▸ Work request
Upon reaching the line that contains "2024 ROYAL ENFIELD SCRAM 411 2024" in the records below, begin repeating every line exactly through the last one, skipping pictures.

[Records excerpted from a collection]
◆ ◆ ◆ ◆ ◆ ◆ ◆
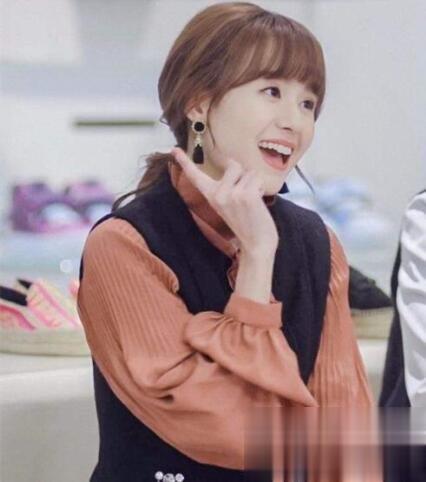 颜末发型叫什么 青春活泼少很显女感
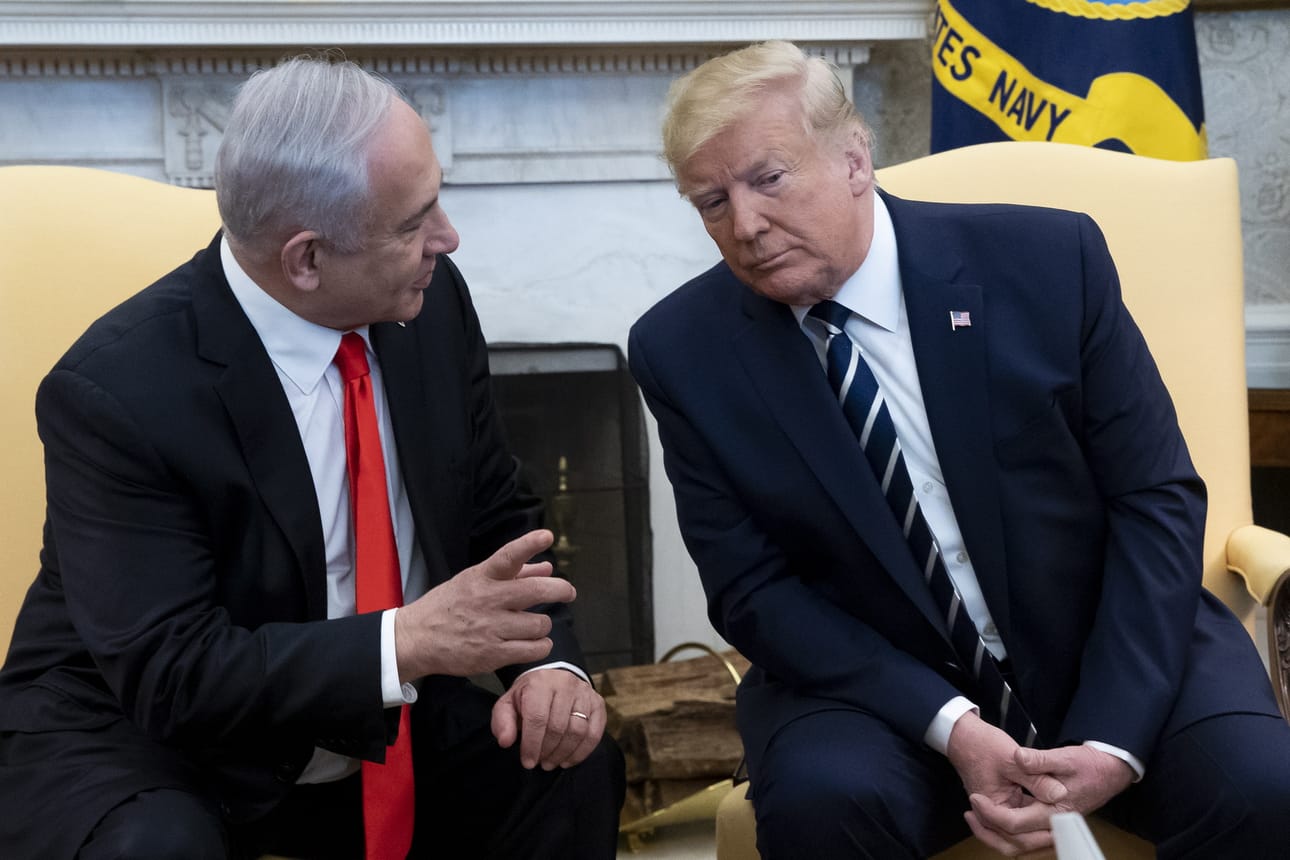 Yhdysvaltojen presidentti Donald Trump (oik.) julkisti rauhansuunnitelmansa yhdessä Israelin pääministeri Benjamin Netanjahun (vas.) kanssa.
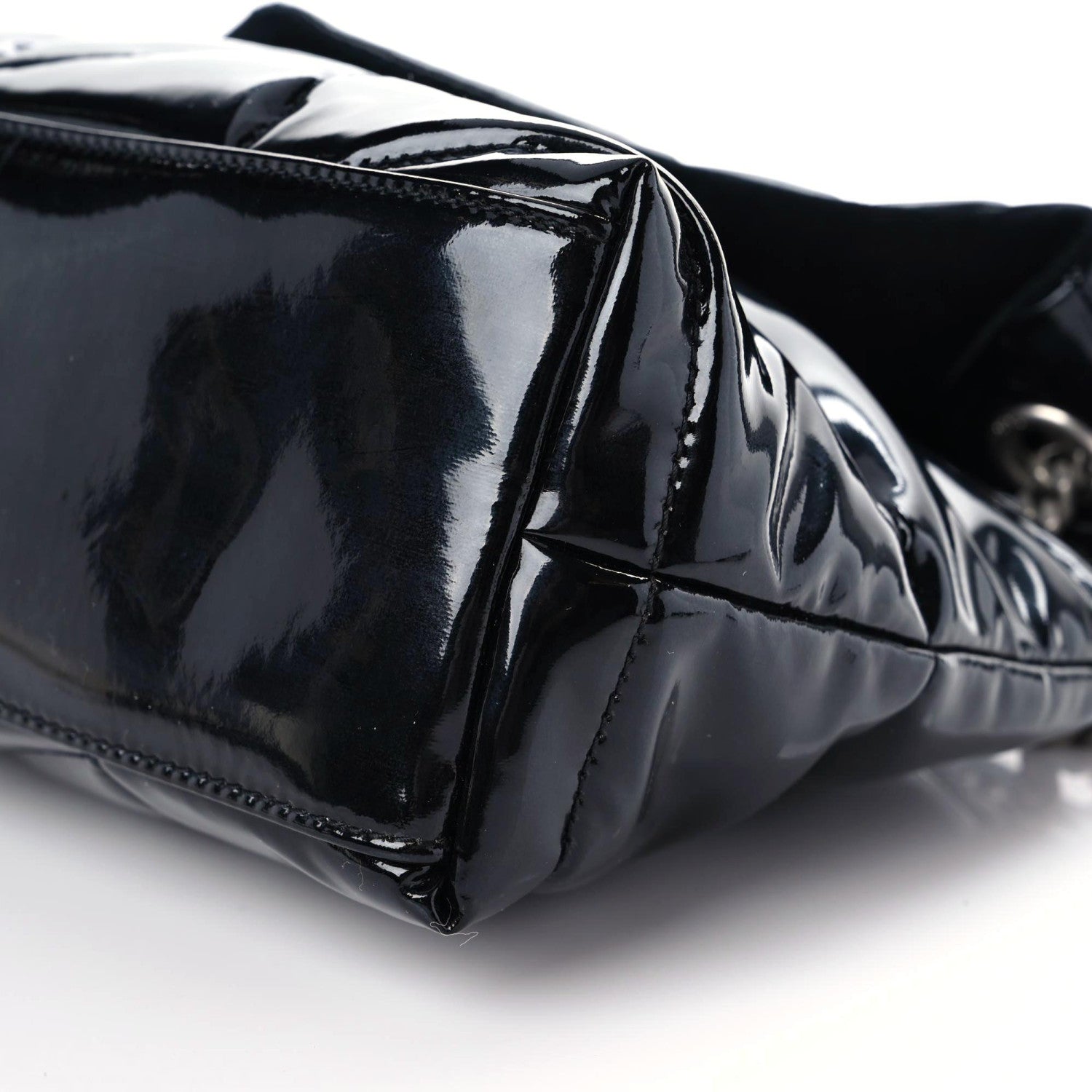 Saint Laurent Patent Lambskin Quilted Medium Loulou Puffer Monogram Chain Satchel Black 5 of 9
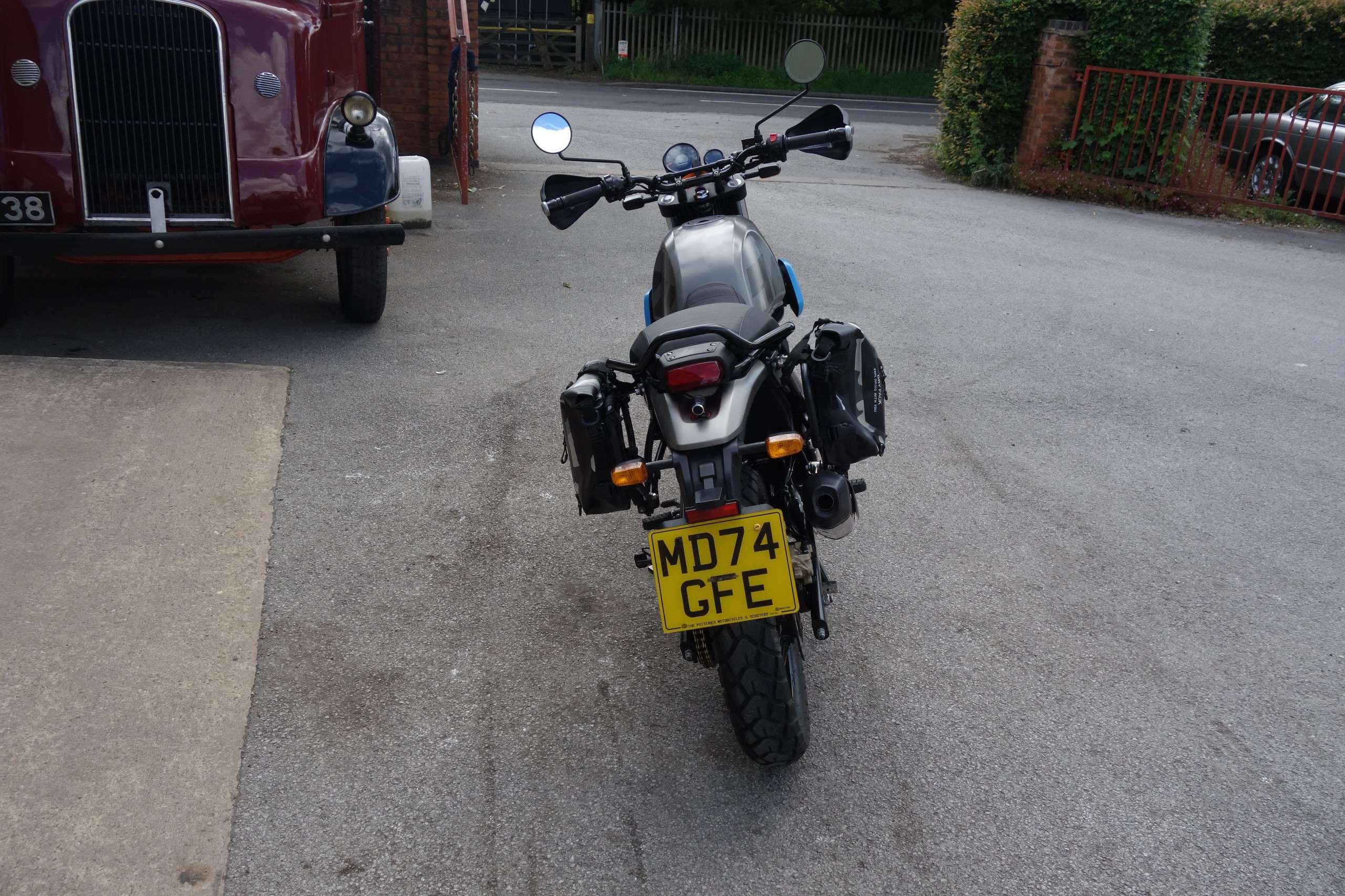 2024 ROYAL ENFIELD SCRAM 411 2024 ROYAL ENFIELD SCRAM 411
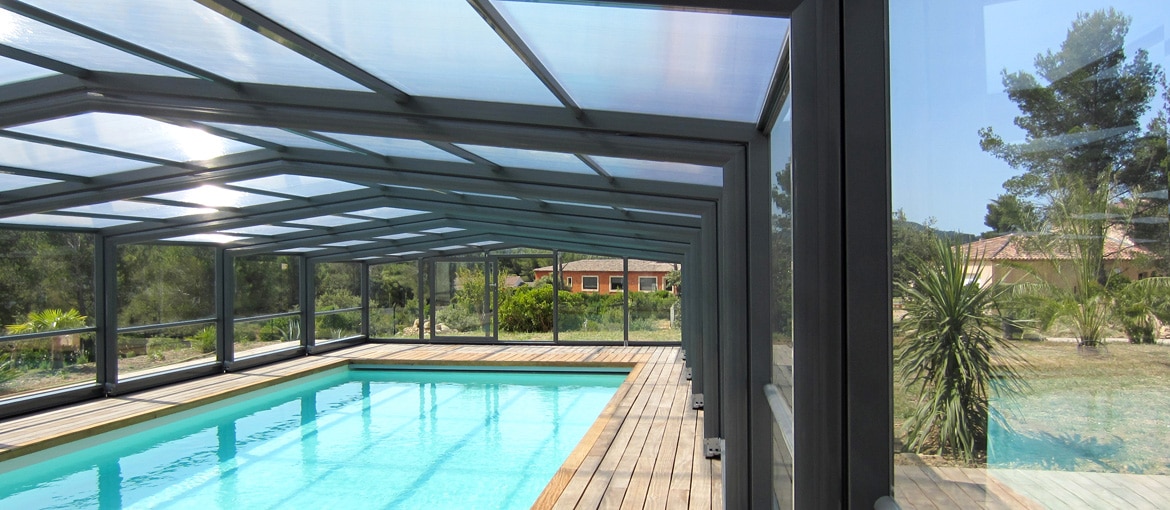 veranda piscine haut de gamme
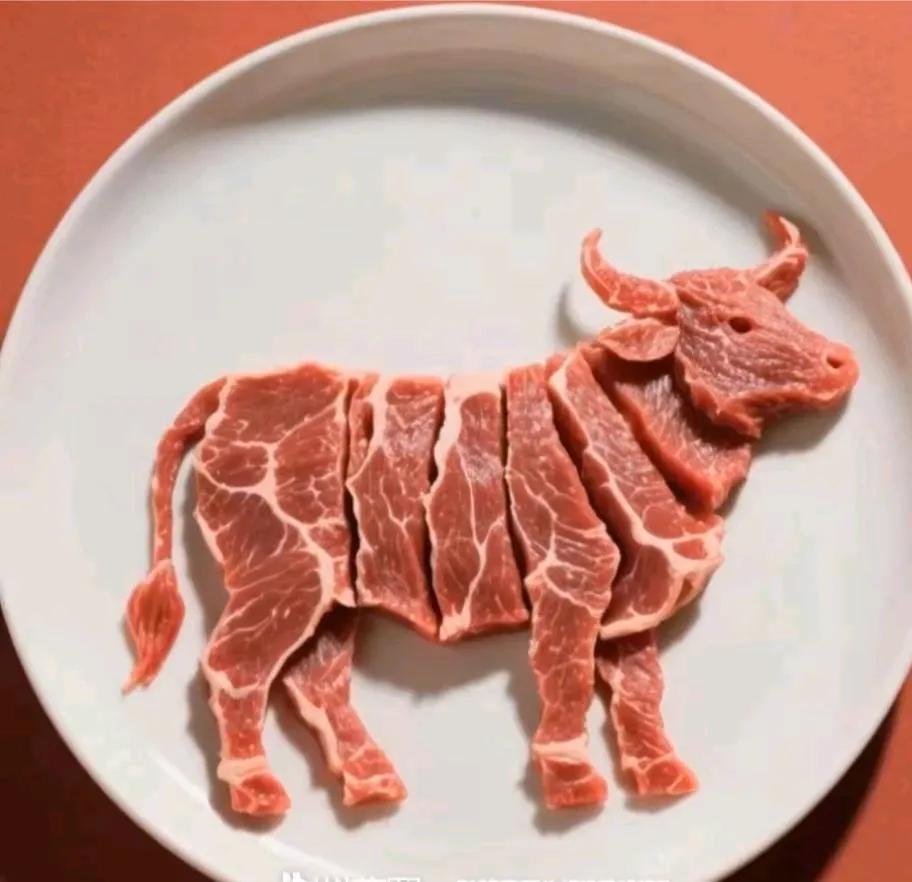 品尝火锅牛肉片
◆ ◆ ◆ ◆ ◆ ◆ ◆
▸ Exercise output
 2024 ROYAL ENFIELD SCRAM 411 2024 ROYAL ENFIELD SCRAM 411
 veranda piscine haut de gamme
 品尝火锅牛肉片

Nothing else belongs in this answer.